[Saved data entries]

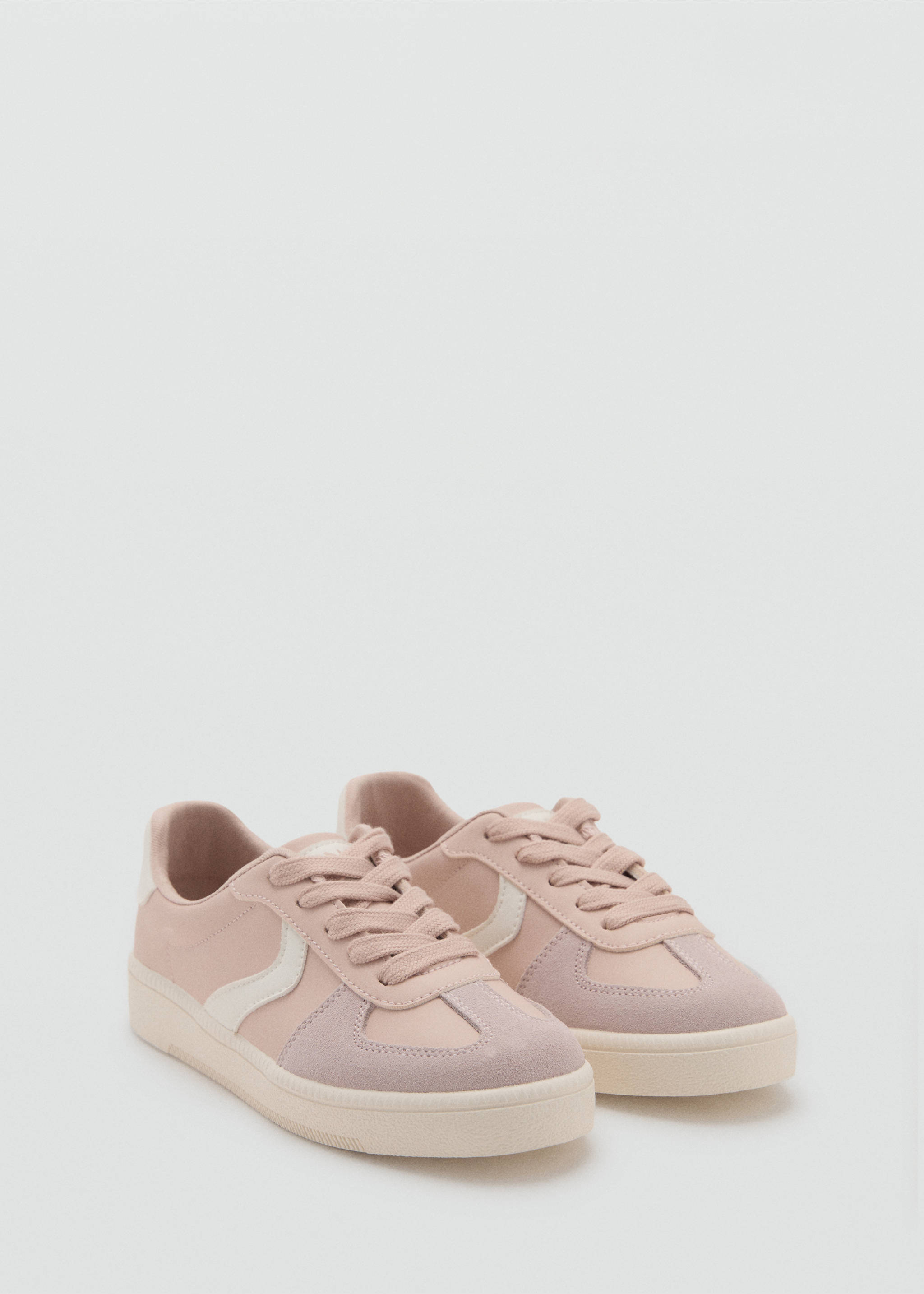 Tennis combinées à lacets - Plan moyen, Rose pastel. Ref: 17023305-00.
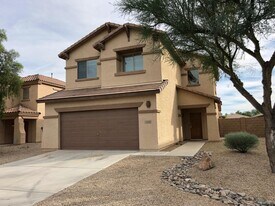 11713 W Lincoln St in Avondale, AZ - Building Photo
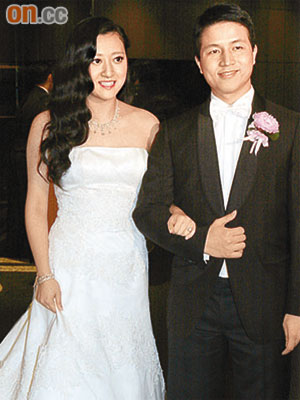 邱詠賢與夫婿許清池齊見記者，着住婚紗嘅Wendy明艷照人。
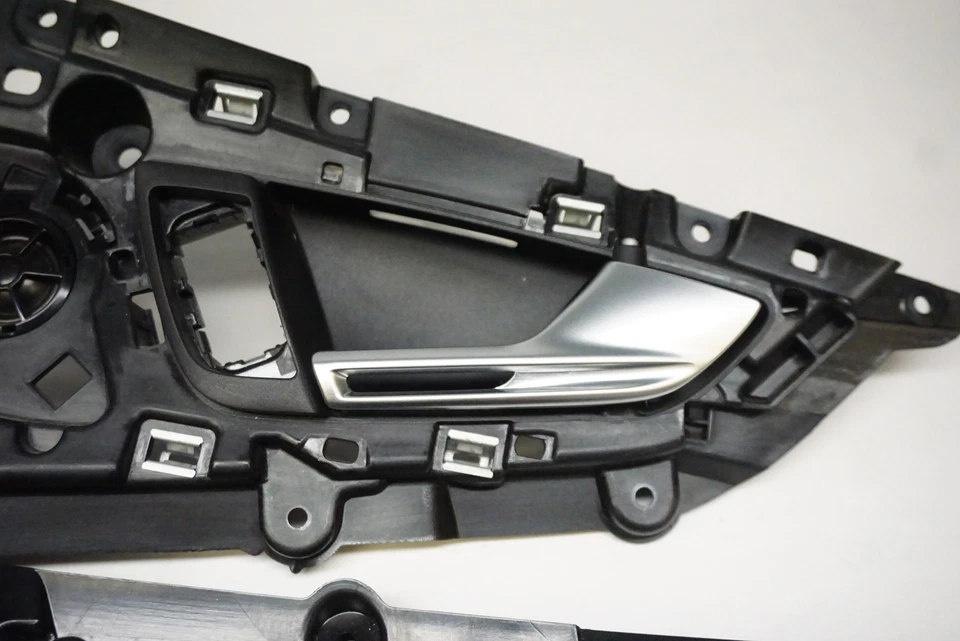 Juego de manijas de panel de puerta interior AUDI RS7 14-18 OEM Foto 4 de 4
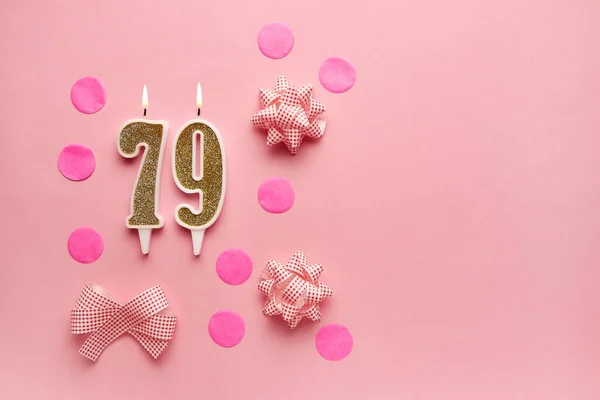 Número Sobre Fondo Rosa Pastel Con Decoración Festiva Feliz Cumpleaños —  Fotos de Stock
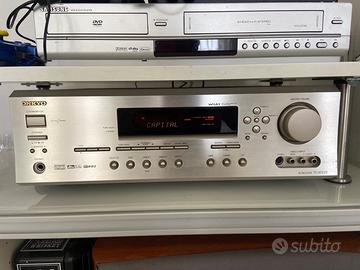 Sinto amplificatore home theatre Onkyo tx-sr502e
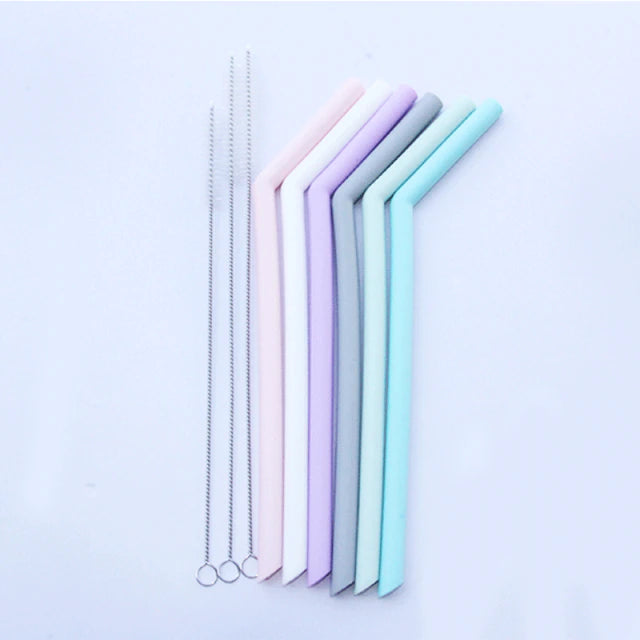 https://sucreetcoton.net/cdn/shop/products/6-pcs-Reusable-Food-Grade-Silicone-Straws-Straight-Bent-Drinking-Straw-With-Cleaning-Brush-Set-Party.jpg_640x640_1_600x@2x.webp?v=1650395900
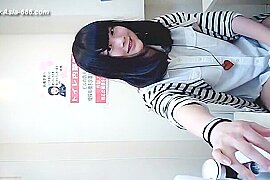peeping asian office lady go to toilet.4 - free porn video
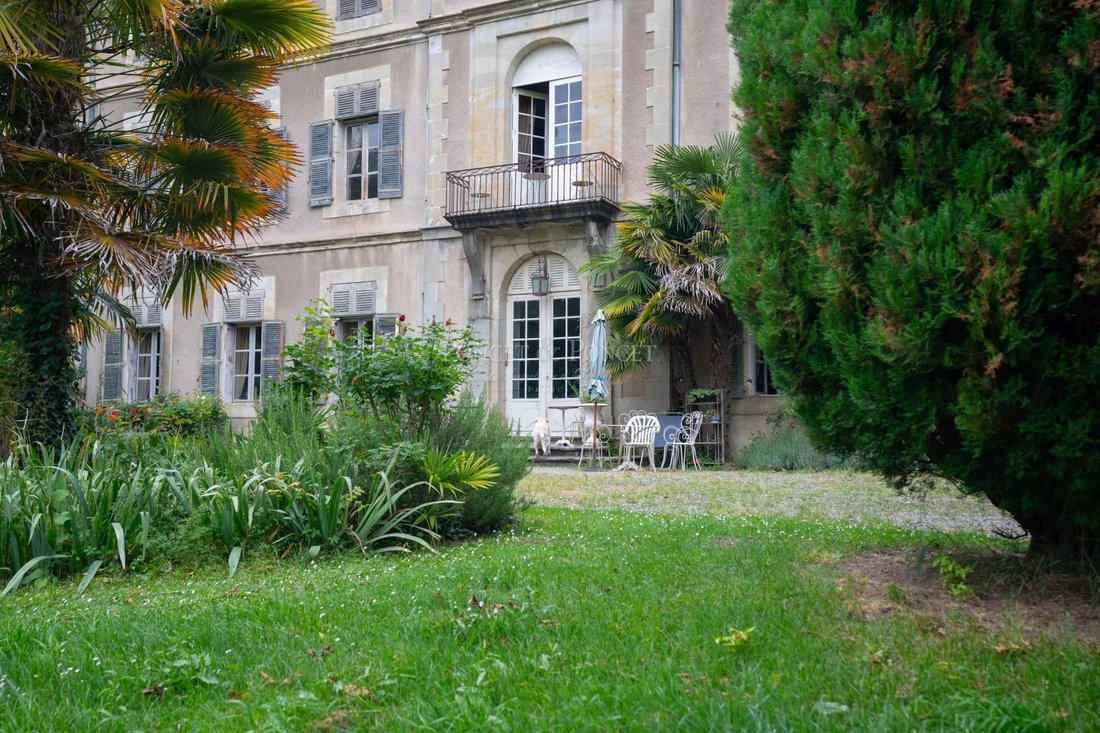 La Belle Endormie: A Canal du Midi Palazzo Awakens in Occitanie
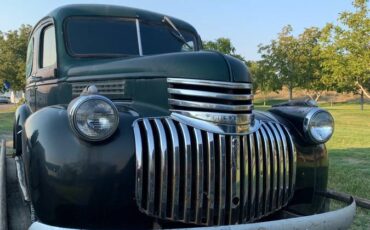 Chevy-panel-truck-1946-green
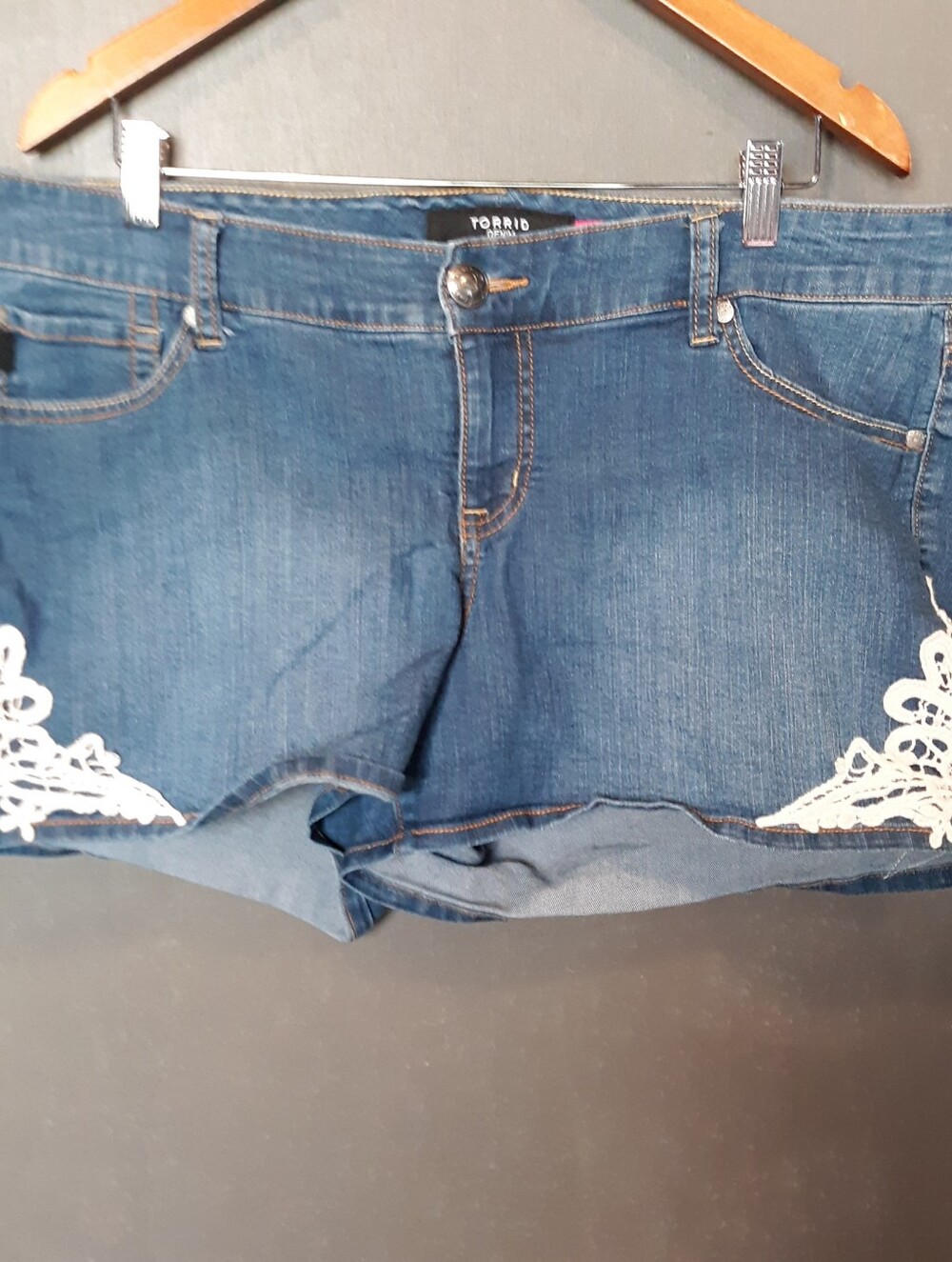 Torrid Denim Skinny Short Shorts Lace Crochet Side Panel Blue Plus Size 18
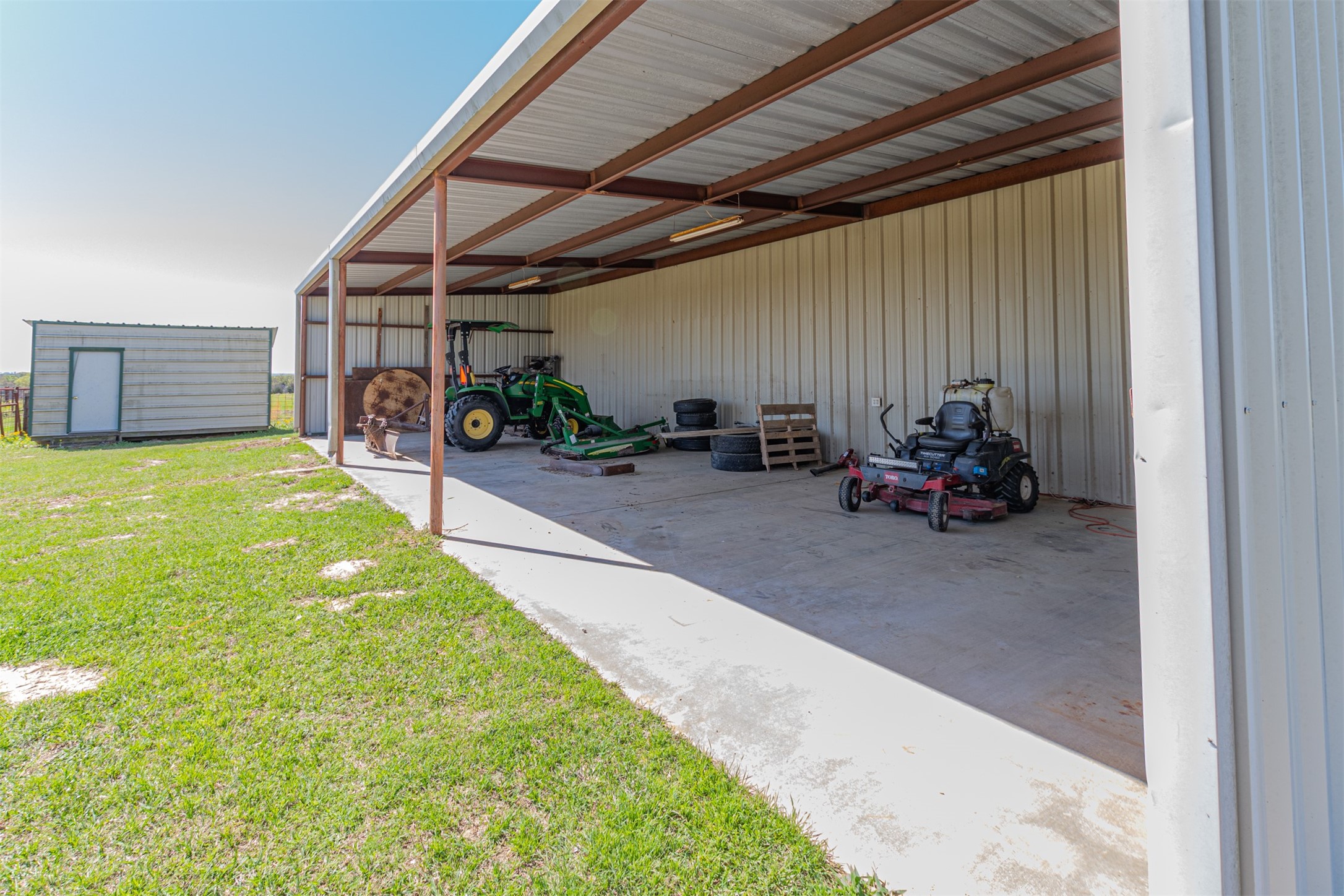 198 Vz County Road 4311 Ben Wheeler TX 75754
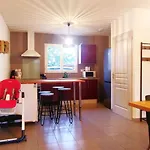 Сasa de vacaciones Le Clos Andrée - Charmante Maison 8 Personnes - 5 Lits - Climatisation Réversible Rdc - Parking 3 Véhicules - Garage - Zone Nord - Terrasse Et Jardin *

Required action »
Drop the pictures and copy the data exactly.

Response »
 Tennis combinées à lacets - Plan moyen, Rose pastel. Ref: 17023305-00.
 11713 W Lincoln St in Avondale, AZ - Building Photo
 邱詠賢與夫婿許清池齊見記者，着住婚紗嘅Wendy明艷照人。
 Juego de manijas de panel de puerta interior AUDI RS7 14-18 OEM Foto 4 de 4
 Número Sobre Fondo Rosa Pastel Con Decoración Festiva Feliz Cumpleaños —  Fotos de Stock
 Sinto amplificatore home theatre Onkyo tx-sr502e
 https://sucreetcoton.net/cdn/shop/products/6-pcs-Reusable-Food-Grade-Silicone-Straws-Straight-Bent-Drinking-Straw-With-Cleaning-Brush-Set-Party.jpg_640x640_1_600x@2x.webp?v=1650395900
peeping asian office lady go to toilet.4 - free porn video
 La Belle Endormie: A Canal du Midi Palazzo Awakens in Occitanie
 Chevy-panel-truck-1946-green
 Torrid Denim Skinny Short Shorts Lace Crochet Side Panel Blue Plus Size 18
 198 Vz County Road 4311 Ben Wheeler TX 75754
 Сasa de vacaciones Le Clos Andrée - Charmante Maison 8 Personnes - 5 Lits - Climatisation Réversible Rdc - Parking 3 Véhicules - Garage - Zone Nord - Terrasse Et Jardin *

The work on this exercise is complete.